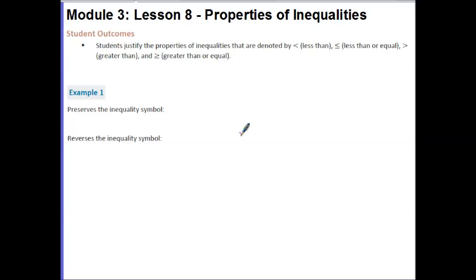Hi guys, this is Ms. Skoll. Today's lesson is Module 3, Lesson 8, Properties of Inequalities.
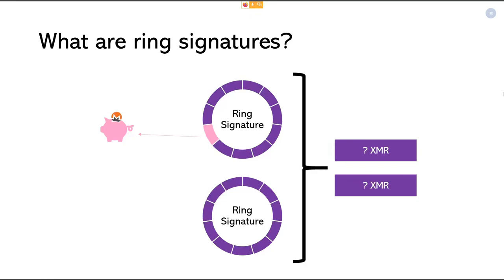We're able to verify that someone is actually spending funds they have the right to — they're not pretending to spend other people's money. If a transaction is spending two bills, there would be two ring signatures, two independent amounts, each spending one piggy bank. For each piggy bank, we grab 10 other piggy banks and say that might be a source. A lot of Monero research has shown that in many cases, people can learn more information than expected based on how inputs are selected — one of these being whether outputs are Coinbase outputs or not.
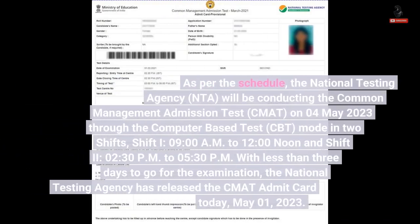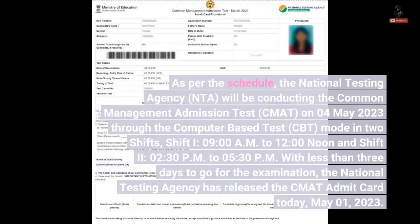As per the schedule, the National Testing Agency, NTA, will be conducting the Common Management Admission Test, CMAT, on 4th May 2023 through the Computer Based Test, CBT, mode in two shifts: Shift 1, 9 o'clock a.m. to 12 o'clock noon, and Shift 2, 2:30 p.m. to 5:30 p.m., with less than three days to go.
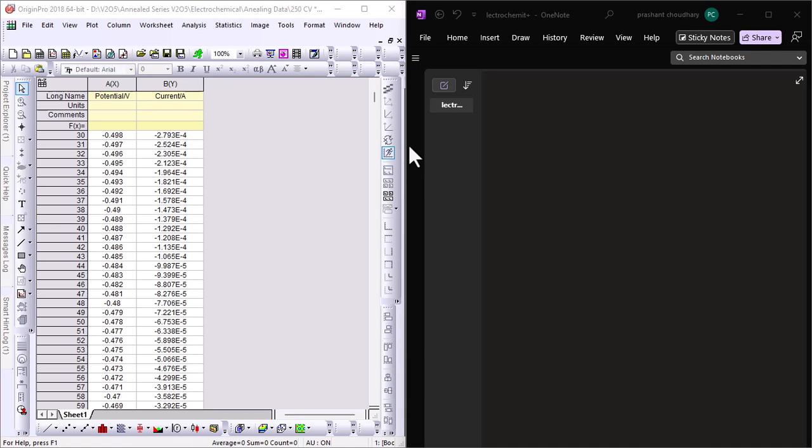During a CV experiment, a voltage sweep is applied to an electrode system, either a two-electrode system or three-electrode system, and the resulting current is measured. The current response gives us a CV curve, which is a potential versus current curve that contains all the information we need to calculate specific capacitance.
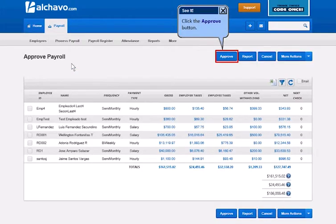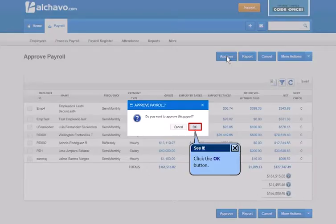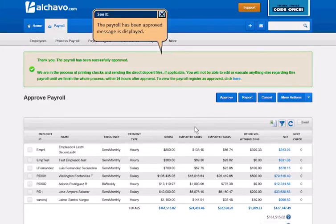Click the Approve button. Click the OK button. The Payroll has been approved message is displayed.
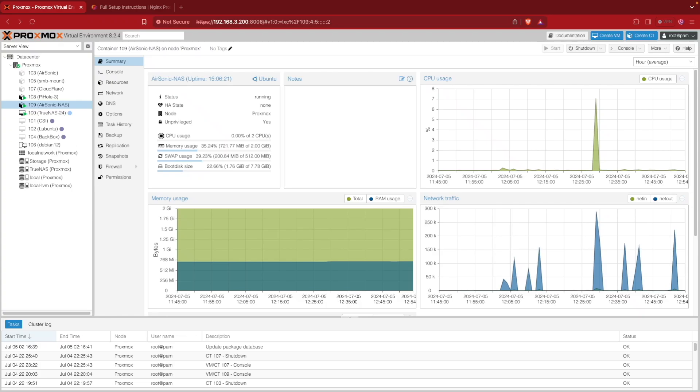Welcome to Virtualize Everything. Today I wanted to show you a quick tutorial on how I got my SMB share or my Samba share inside of my AirSonic LXC container so I could use the music that's stored on my NAS inside of AirSonic.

-*-

Required action -
Reproduce the span beginning at the line with "Click the Approve" and ending at the last line of the entries above, inclusive, exactly as it stands. Exclude the pictures.

Task response -
Click the Approve button. Click the OK button. The Payroll has been approved message is displayed.
Welcome to Virtualize Everything. Today I wanted to show you a quick tutorial on how I got my SMB share or my Samba share inside of my AirSonic LXC container so I could use the music that's stored on my NAS inside of AirSonic.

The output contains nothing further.